Effective Texas Hallucinogen Addiction Treatment Program
There’s a common misconception that people can’t become addicted to hallucinogens. While they aren’t generally life threatening, hallucinations are profound distortions of a person’s perception of reality, including delusions and an inability to distinguish reality from illusion. In this state, people see images, hear sounds and feel sensations that seem real but do not exist. Hallucinating can thrust someone into a perilous situation if they don’t have a firm grasp on reality, and decide to act recklessly. Hallucinogen addiction is real, and can be incredibly dangerous.
Historically, hallucinogens have been used in religious rituals or spiritual pursuits to produce mystical “visions,” or simply to induce detachment from reality. Research shows that writers, poets and artists used these drugs through the decades to find inspiration or to spark creativity. However, we now know how hallucinogens work, and just how dangerous they can be.
Today, studies reveal that hallucinogens are abused more often for social or recreational purposes. People take them to have fun, deal with stress, or enable themselves to enter into what they perceive as a more enlightened sense of thinking or being. Whatever a person’s reason for taking them, the effects are dictated by the amount taken, and your own unique personality and brain chemistry.

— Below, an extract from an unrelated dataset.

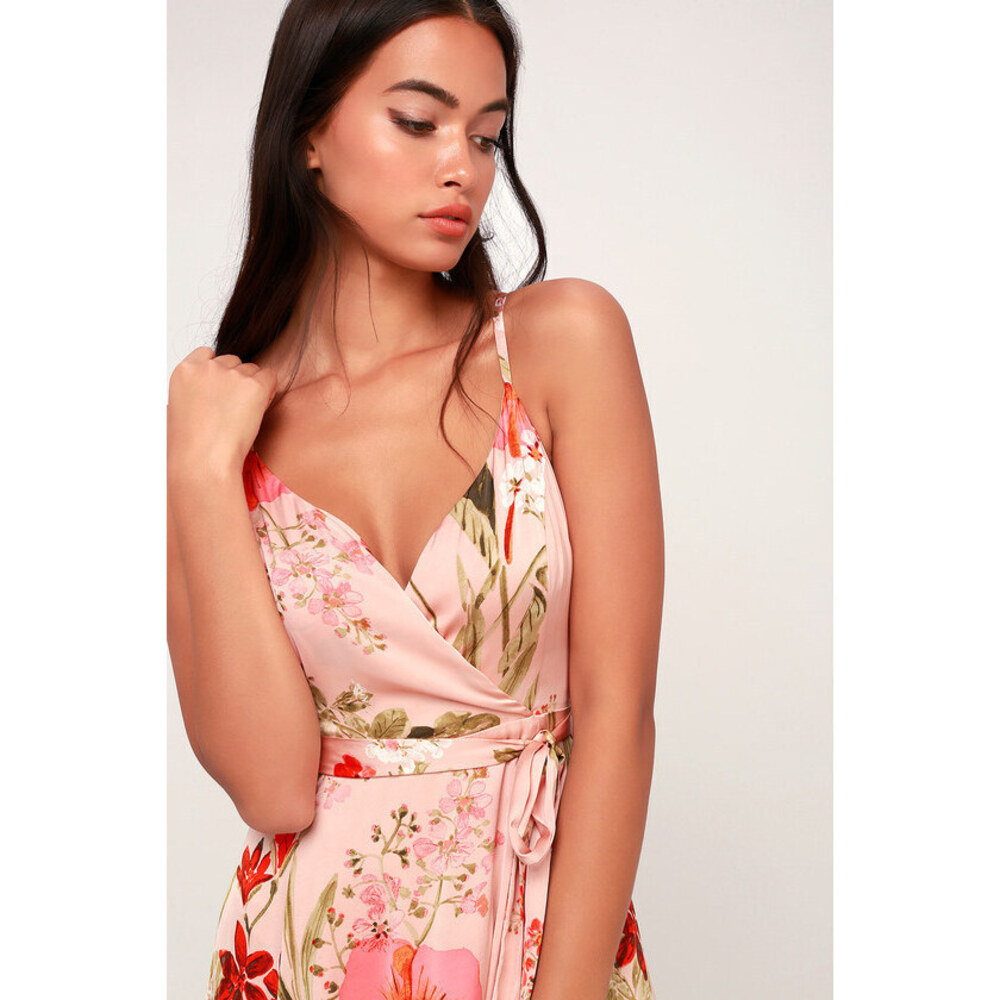 Lulus Still The One Blush Pink Floral Print Satin Maxi Dress - Size XL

This makes them highly unpredictable and dangerous.
You or your loved one might not have a physical addiction to drugs like hallucinogens, but there is a big change that a psychological dependence will develop if it hasn’t already. At this point, help is needed in the form of hallucinogen addiction treatment.

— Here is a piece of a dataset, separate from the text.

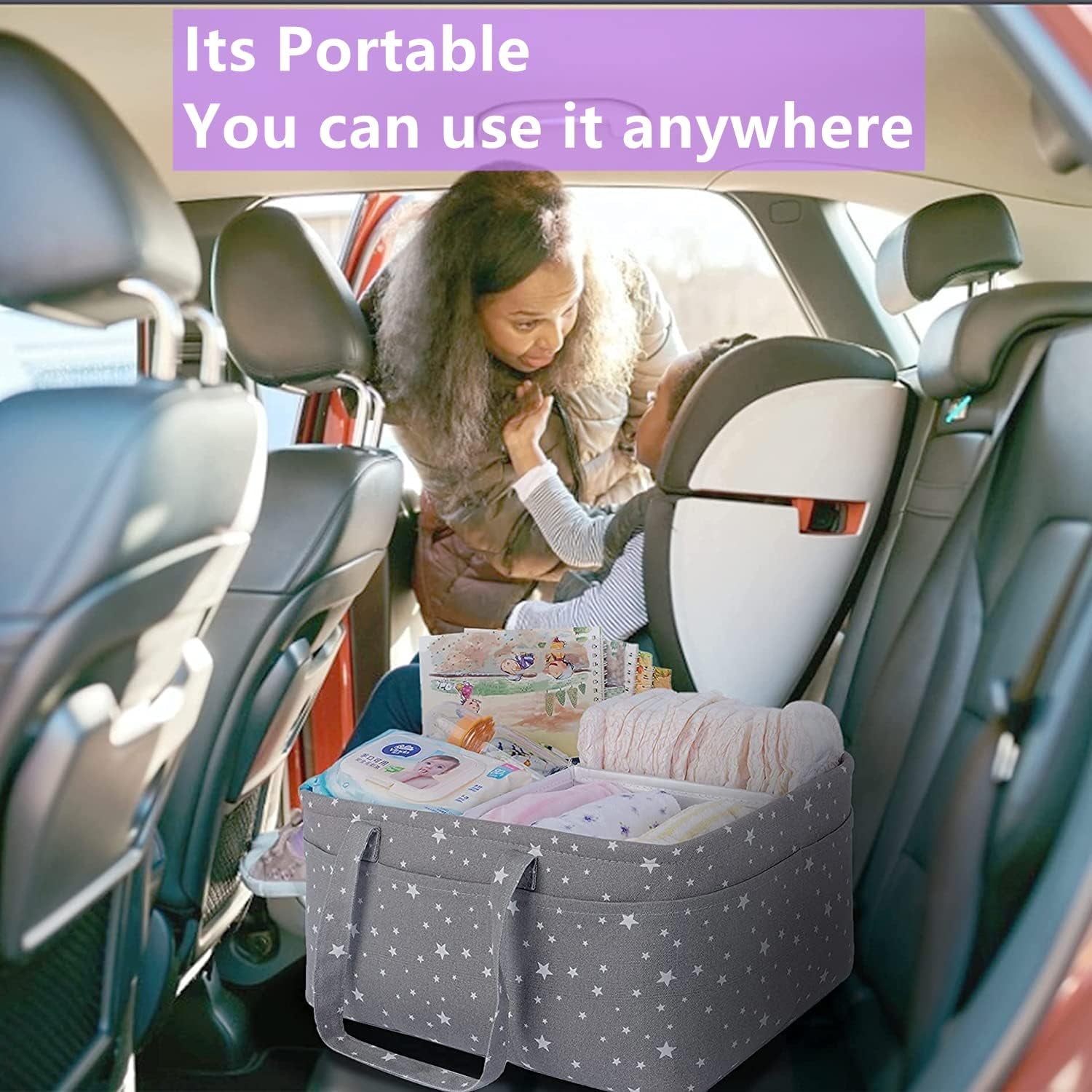 Baby Diaper Caddy Organizer- Extra Large Portable Diaper Basket with Removable Divider, Multi-Use Nursery Organizer for Diapers,Wipes,Baby Essential-Perfect Baby Basket Bag Registry Must Have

Commonly Abused Hallucinogens
- LSD or acid
- Psilocybin Mushrooms
- Peyote
- PCP
- Ketamine
Hallucinogen Addiction and Abuse
A recent study by the Substance Use Disorder and Mental Health Services Administration revealed that more than 1 million Americans tried a hallucinogenic drug for the first time in 2013. Out of those participants, 751,000 tried ecstasy for the first time that year and 482,000 first tried LSD.

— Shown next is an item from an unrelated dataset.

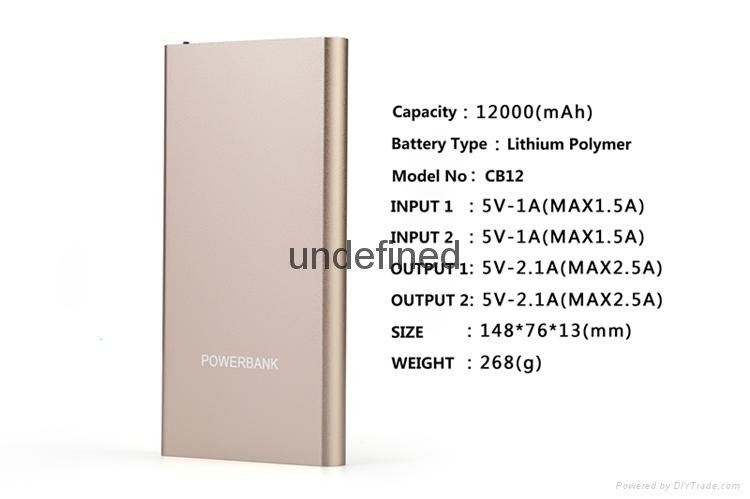 Newest 12000mAh Slim Power Bank With Dual INPUT&Dual OUTPUT 3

If you or your loved one believe they can function while high on hallucinogens, they’re wrong. Hallucinogens work by disrupting how your nerve cells and the neurotransmitter serotonin interact throughout the brain and spinal cord. By changing the normal, healthy structure of serotonin in the body, hallucinogens twist and alter the way your brain processes your senses, feelings and visual information, distorting reality.
Your continued abuse of this drug can cause dependency and addiction. This is common for hallucinogen abusers. It’s a frustrating situation to be in. You need the drug to function, but the way you function when you’re high causes negative consequences.